What you have to do >>
Given the entries below, would you transcribe exactly the lines starting at the one with "National Equipment 70905-D7" and ending at the one with "Beautiful fluffy cat", both kept, pictures omitted, nothing extra?
*** Material provided ***
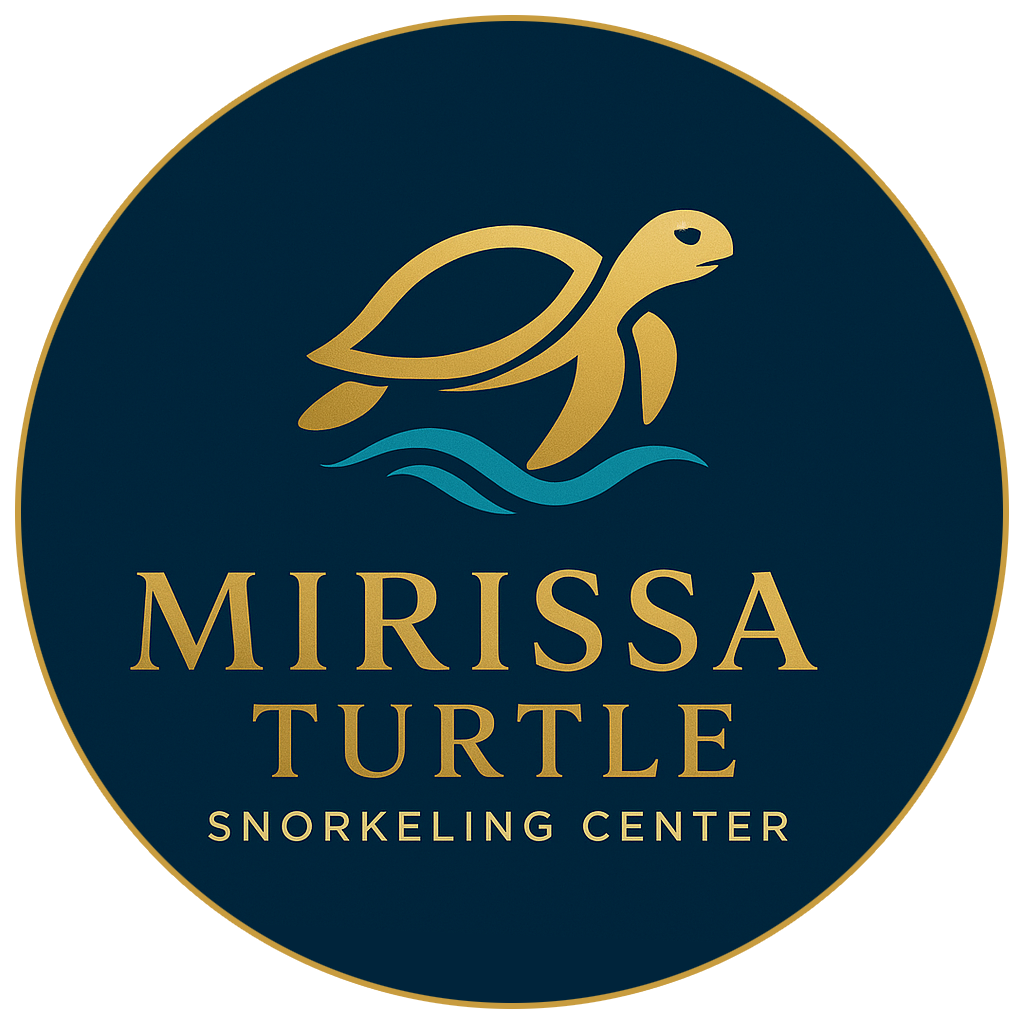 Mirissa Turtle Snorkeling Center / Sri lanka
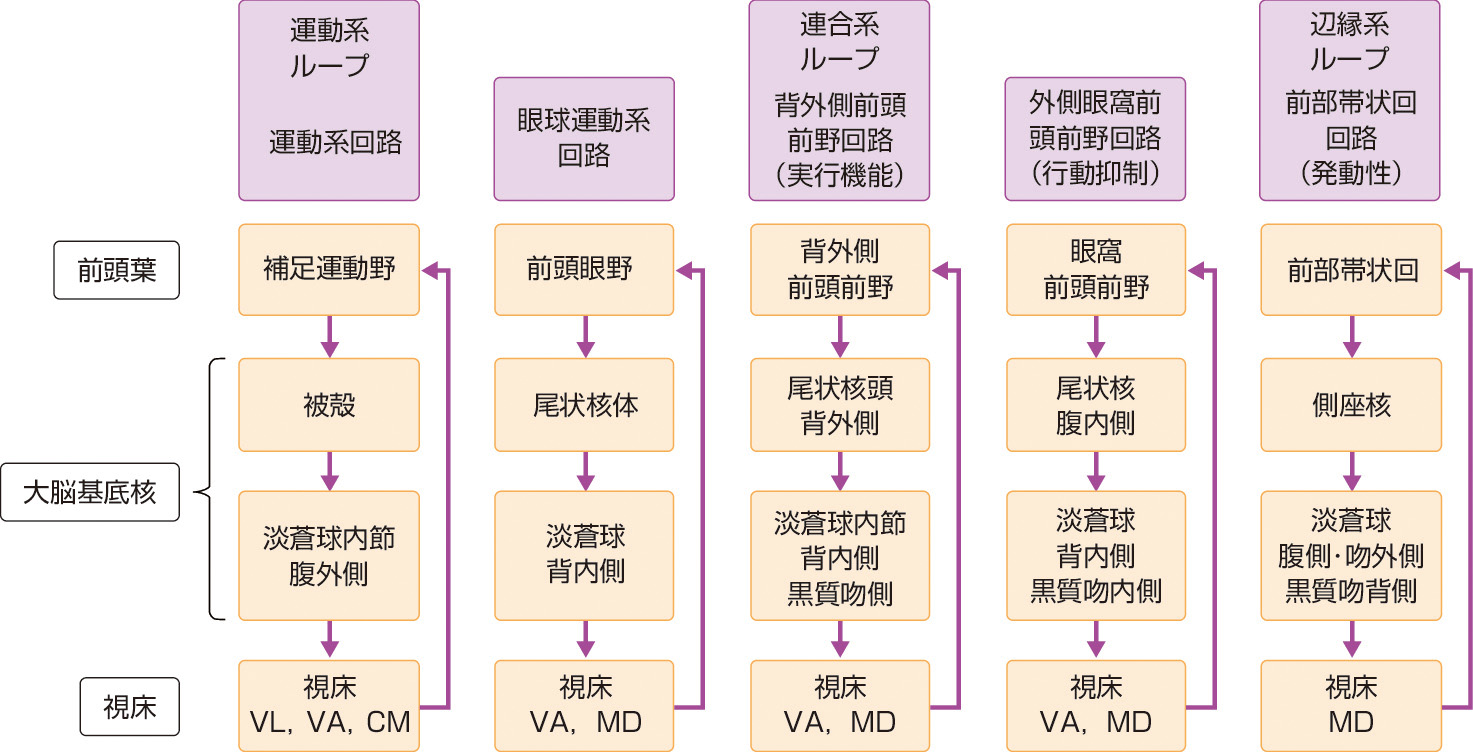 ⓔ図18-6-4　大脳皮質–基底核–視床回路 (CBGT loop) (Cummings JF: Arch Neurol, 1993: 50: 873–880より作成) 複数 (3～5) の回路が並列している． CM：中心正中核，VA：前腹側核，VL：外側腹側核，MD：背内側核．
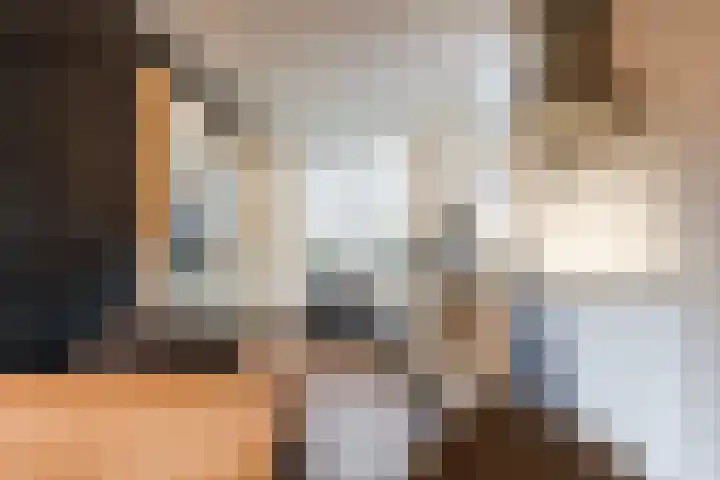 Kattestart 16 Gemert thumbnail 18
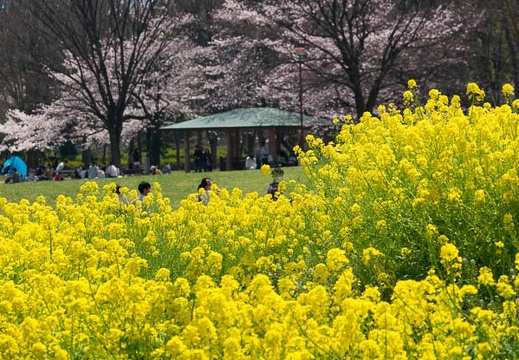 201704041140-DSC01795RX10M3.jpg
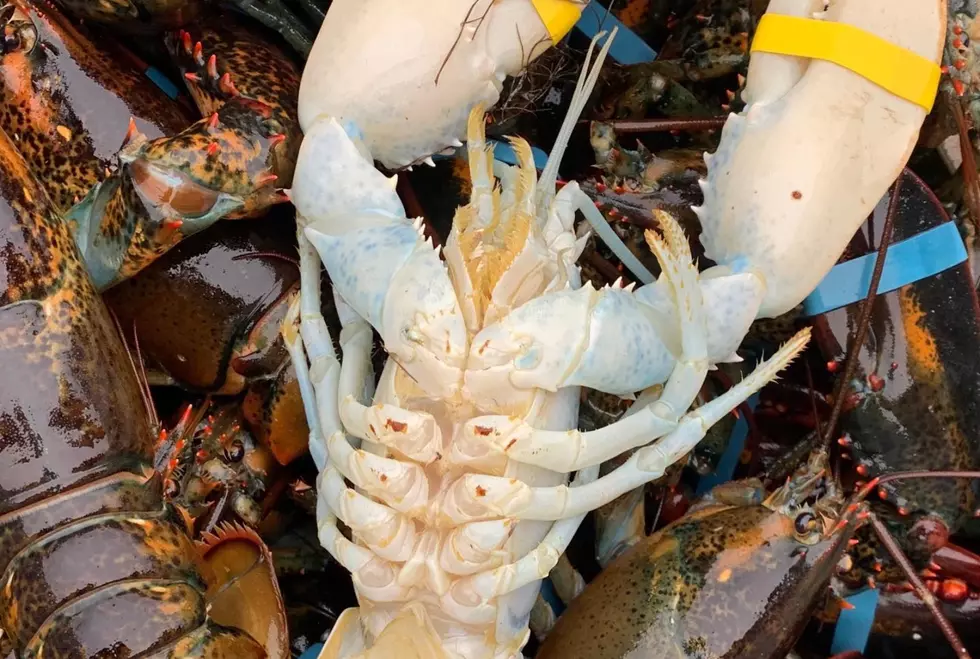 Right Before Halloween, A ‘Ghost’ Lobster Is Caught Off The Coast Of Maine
*** End of Material provided ***
*** Material provided ***
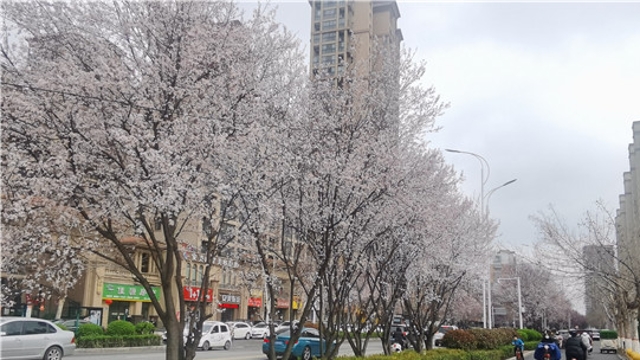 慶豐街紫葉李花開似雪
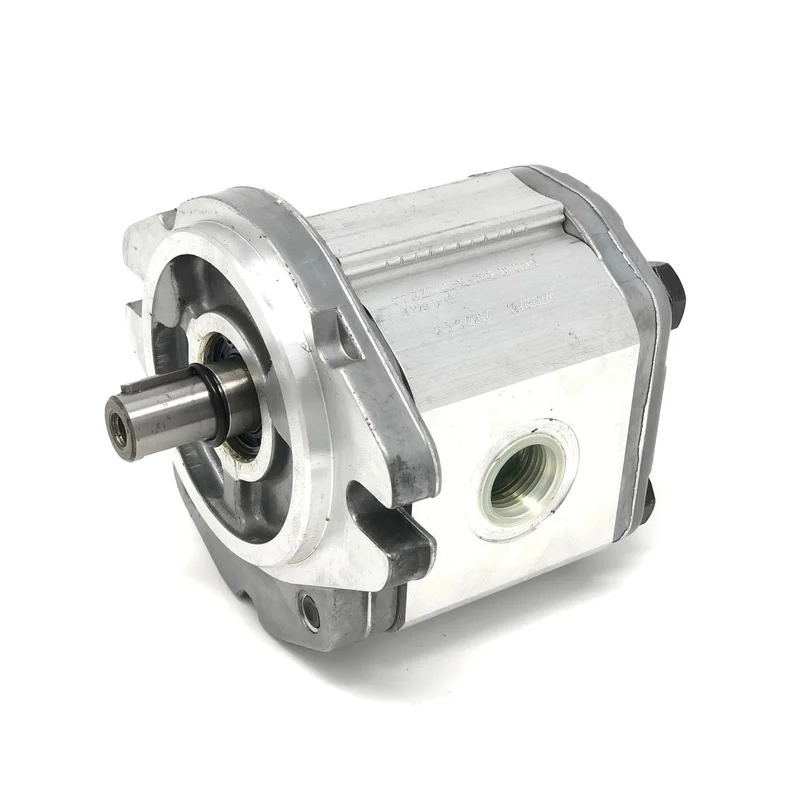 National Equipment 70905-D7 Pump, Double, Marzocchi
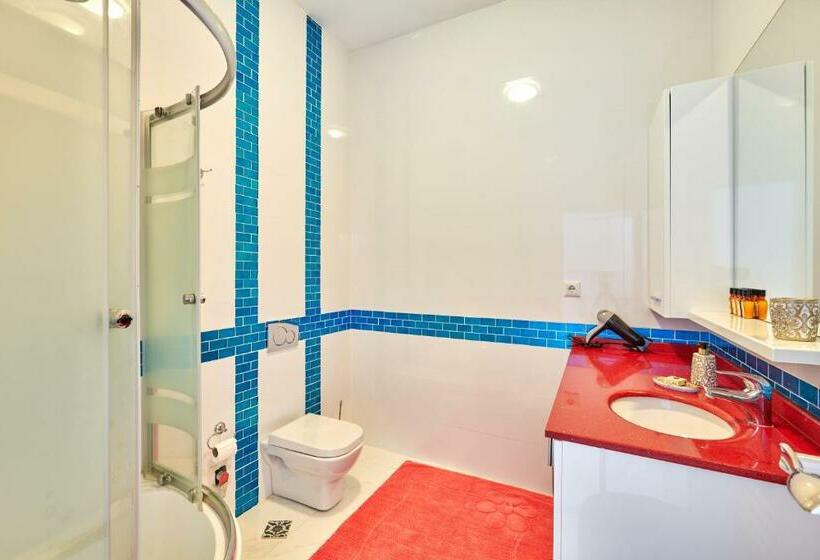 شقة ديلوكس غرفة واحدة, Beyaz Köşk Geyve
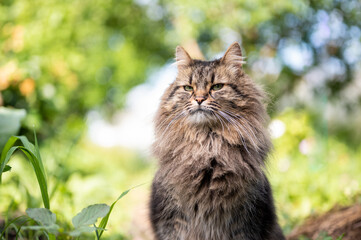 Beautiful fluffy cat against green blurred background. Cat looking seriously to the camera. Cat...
*** End of Material provided ***
*** Material provided ***
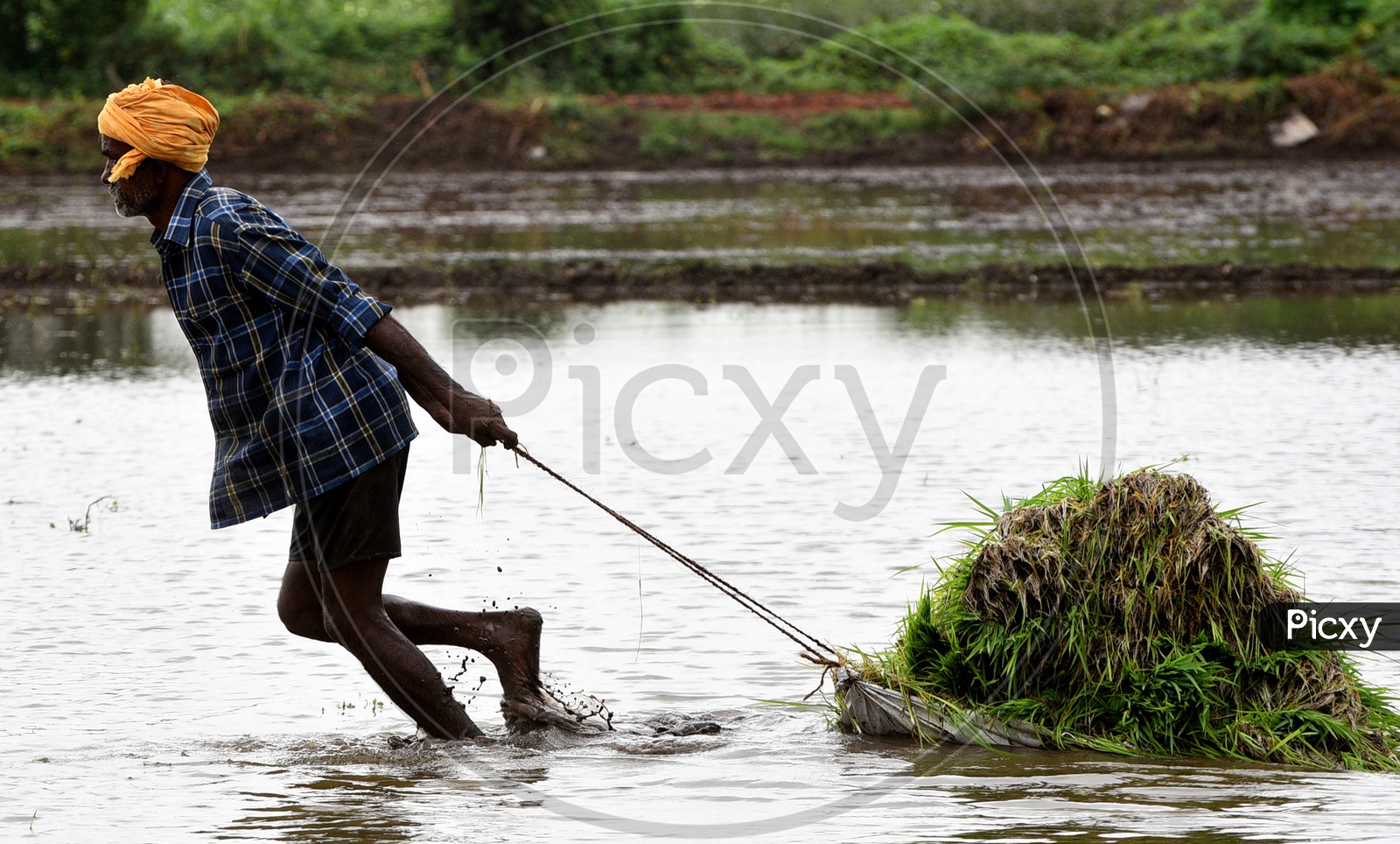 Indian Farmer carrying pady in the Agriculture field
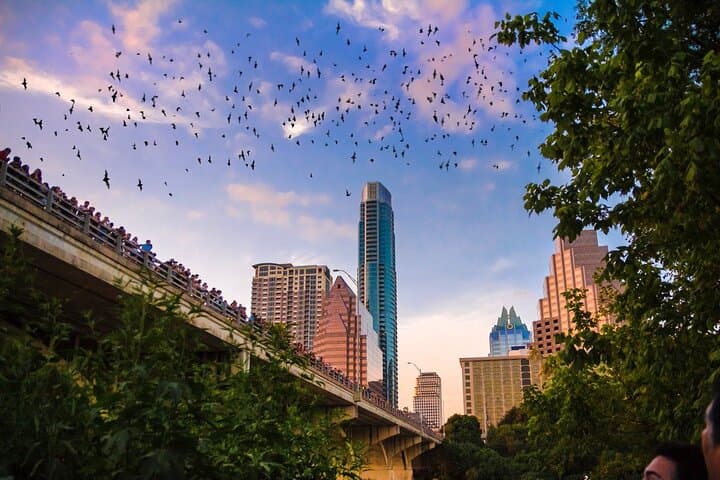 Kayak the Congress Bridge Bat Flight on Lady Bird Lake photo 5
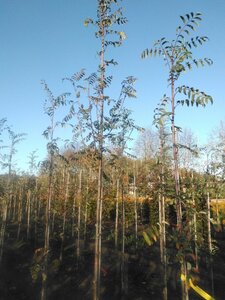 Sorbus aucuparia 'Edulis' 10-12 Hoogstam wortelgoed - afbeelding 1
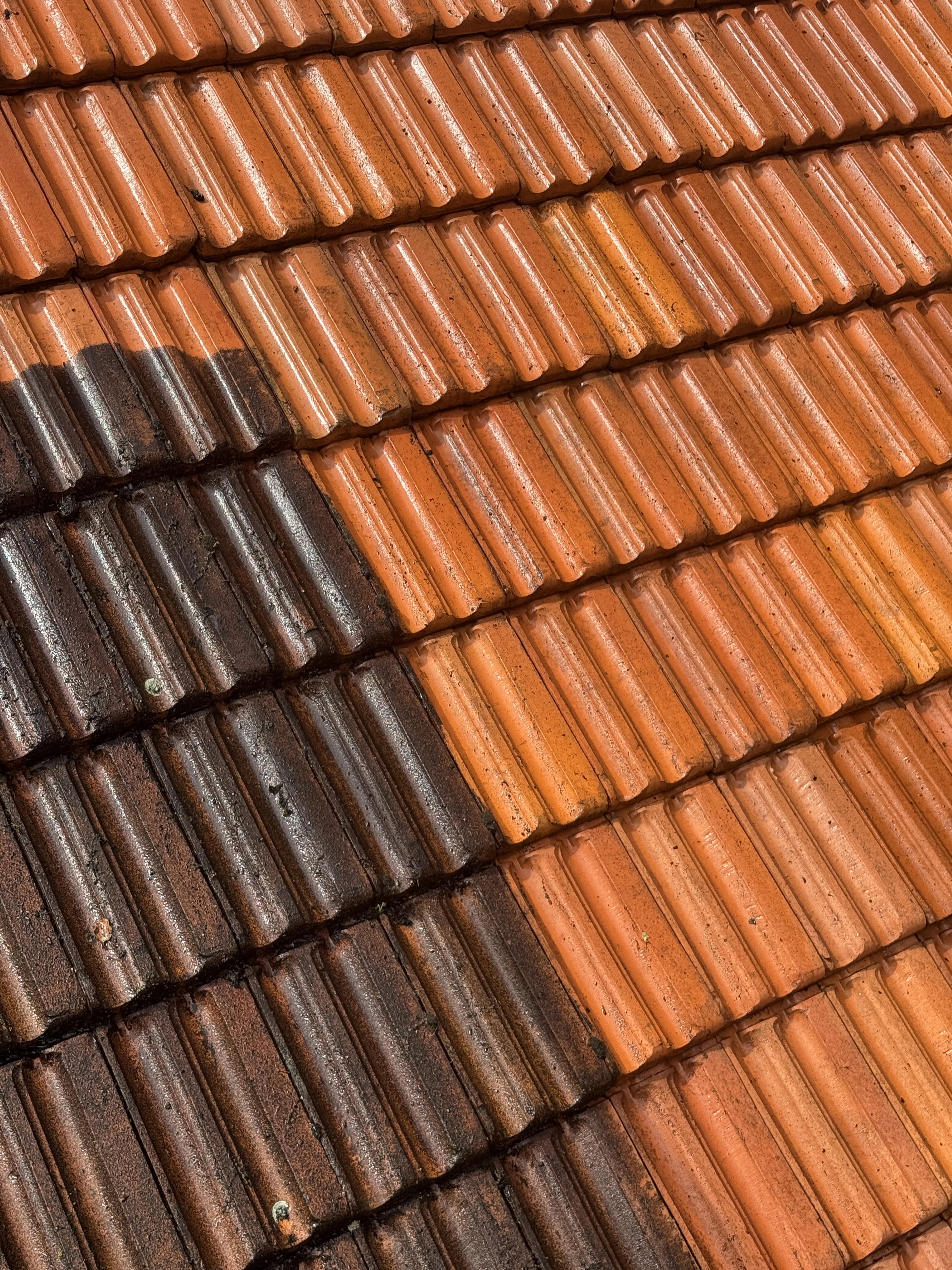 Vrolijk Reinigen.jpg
*** End of Material provided ***
Your response >>
 National Equipment 70905-D7 Pump, Double, Marzocchi
 شقة ديلوكس غرفة واحدة, Beyaz Köşk Geyve
 Beautiful fluffy cat against green blurred background. Cat looking seriously to the camera. Cat...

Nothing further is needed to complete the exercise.